Filed under: Uncategorized | Tags: adaptation, change, cognition, data mining, memory, repetition, supercrunching
I used to be great at throwing a baseball. I went to a small elementary school where there weren’t enough boys to field a full team and my parents never let me sign up for Little League, but I could always find someone to play catch with at recess. These are some of my fondest memories, and I’m still friends with one of the boys I played with.
I always wondered, though, how we got it right. At age eight, we could throw accurately from distances of anywhere from ten to well over a hundred feet. We could take into account the incline of the terrain, the wind, the arc of the ball, our level of fatigue, and even the quality of our grip on the ball. If there was going to be a close play, I remember being able to anticipate how the baserunner was likely to slide and to figure out where to aim the ball for the easiest tag. All this came together in the fraction of a second before I launched the ball.
So, how could I know all this? I also had a boyhood fascination with things military and I remember how hard it seemed to get an artillery cannon to launch a shell in a way that could take a fraction of these factors into account. It involved complex equations for each variable–gravity, wind, terrain, and trajectory–and required fat reference manuals full of charts, or, later, computers.
As for throwing the baseball, though, the answer seems to be that I remembered how to do it. In other words, I had thrown a ball so many times, over so many distances, across such variable terrain, into and against the wind, etc., that my neuro-skeletal-muscular systems could draw from this experiential data and make a very good guess as to what was called for by the specific variables of a specific throw. Some neuronal circuitry converted my sensory data (distance, wind, terrain, grip, etc.) into specific instructions for muscle fibers and the proprioceptive sense that told me that I was moving correctly through space.

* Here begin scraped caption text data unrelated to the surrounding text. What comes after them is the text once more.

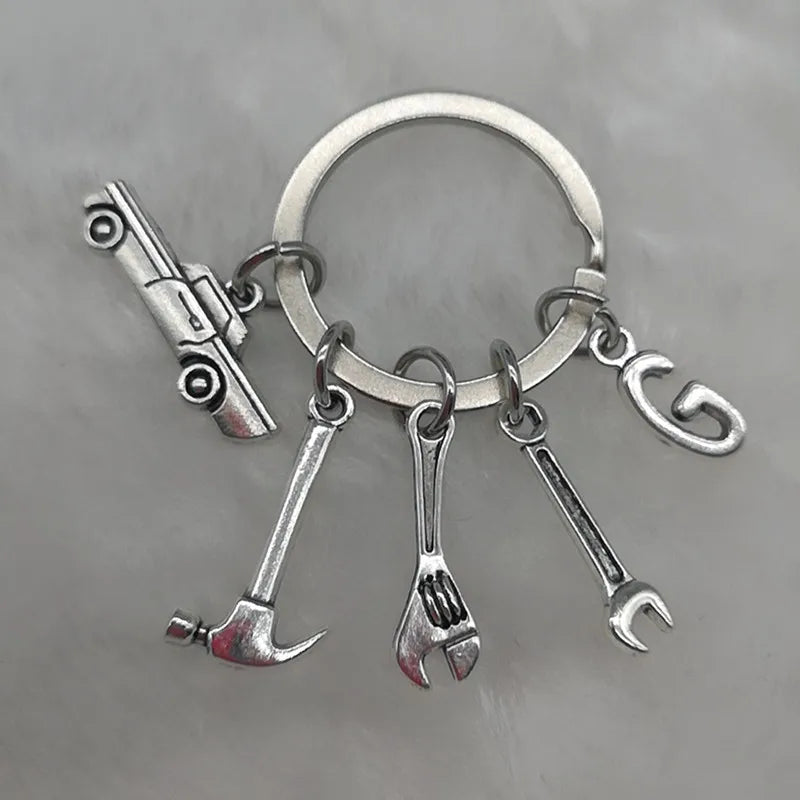 π οΈ Classic Car & Tools Keychain π§π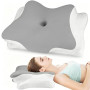 Oreiller Ergonomique Cervical, 3 en 1 Oreiller Memoire Forme, Oreiller Cervical, Coussin Ergonomique pour Les Dormeurs sur Le cô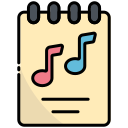 notepad, clipboard, notes, music, note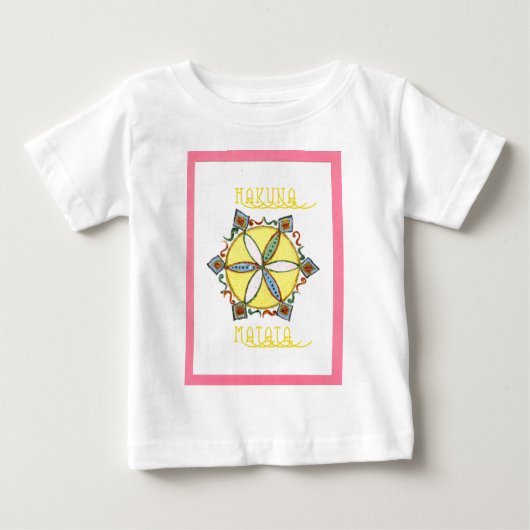 Schönes Muster für Inspiration-Star-Vektor Baby T-shirt (Vorderseite)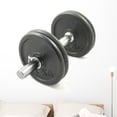 thumbnail image 1 of Dumb Bell Wall Decal by Wallmonkeys Peel and Stick Graphic (36 in W x 35 in H) WM6414, 1 of 4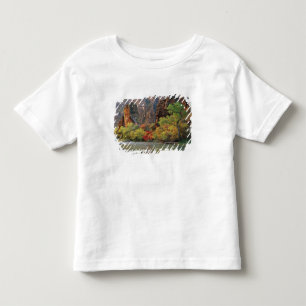 Fall foliage along Virgin River near gateway to Toddler T-shirt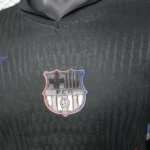 Segunda Jugadores Camiseta Barcelona 2024 2025 Negro I Rojo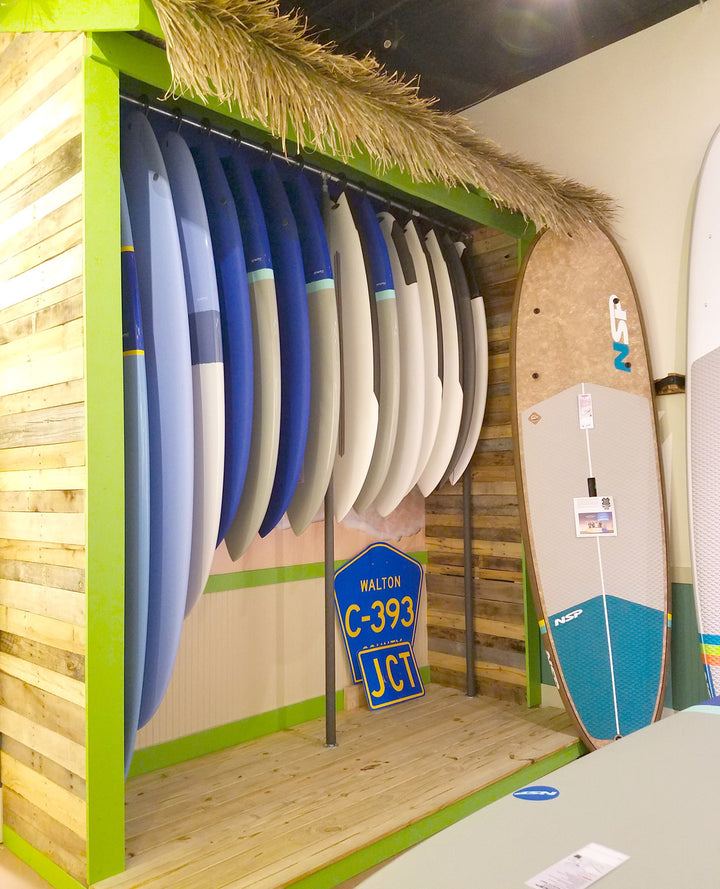 surf shop surfboard hangers
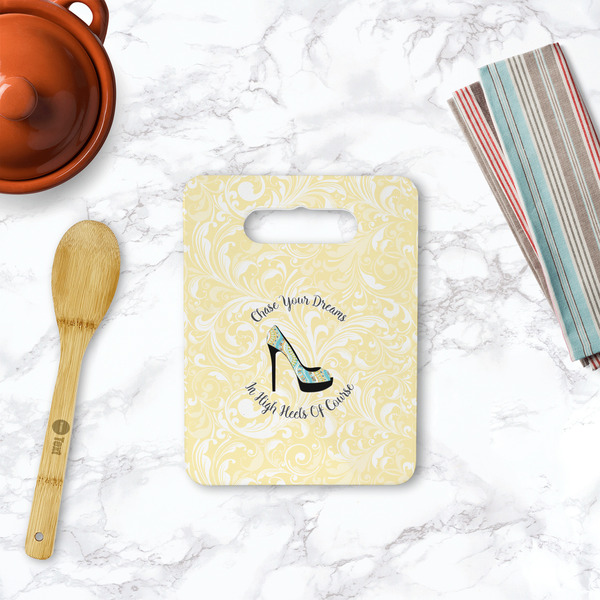 High Heels Rectangle Trivet with Handle - LIFESTYLE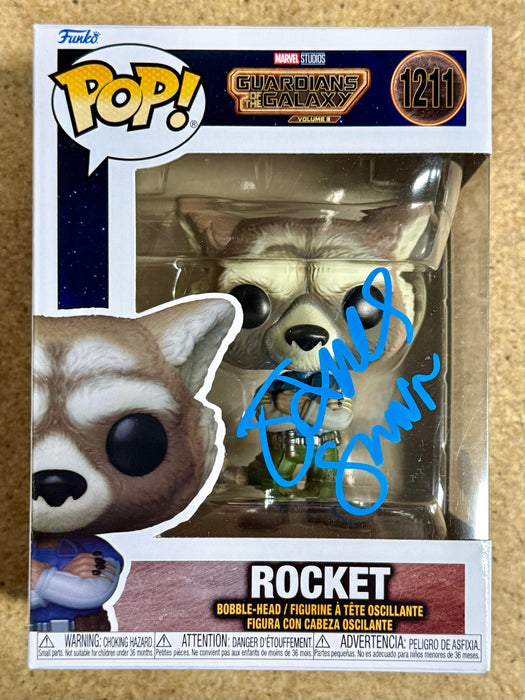 Director James Gunn Signed Funko Pop! Marvel #1211 Rocket GOTG 2023 With JSA COA - for just $300!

So, what does all this have to do with anything? Well, what doesn’t it have to do with? We’re not like the computers that aim artillary cannons with equations. We’re data miners and supercrunchers, who utilize a lifetime of experience to make sense of and act at every moment of our lives. How do we guage the tenor of an interaction, when it’s appropriate to say something, how best to intervene in a situation, what to do when someone is angry with us, etc.? We do so by comparing it to all the data we have gained from past incidences of similar occurances.
This is an easy way to conceive of what have been known as unconscious dynamics: our tendency to repeat interpersonal dynamics, relive relational patterns and make the same mistake over and over again are simply because we’re modeling our current situation on memories, but behaviors that might have been adaptive and functional in the past can’t adequately recognize the newness, individuality and uniqueness of the present. The problem is that we live in a world more complex than the baseball infield. The sophisticated mind we have are adequate for relatively straightforward, honest activities that involve Newtonian physics or for the daily life dynamics of getting along in the social pack. We had to evolve these skills in order to hunt mastadons and to negotiate our primate social lives.
But we haven’t adequately adapted to a world where we are faced with unprecedented newness every day. We tend to assimilate new situations to old ones, getting stuck in rigid cognitive frameworks for situations that require change and transformation, not more of the same. This is one reason why it’s so hard to change and hard to get others to change.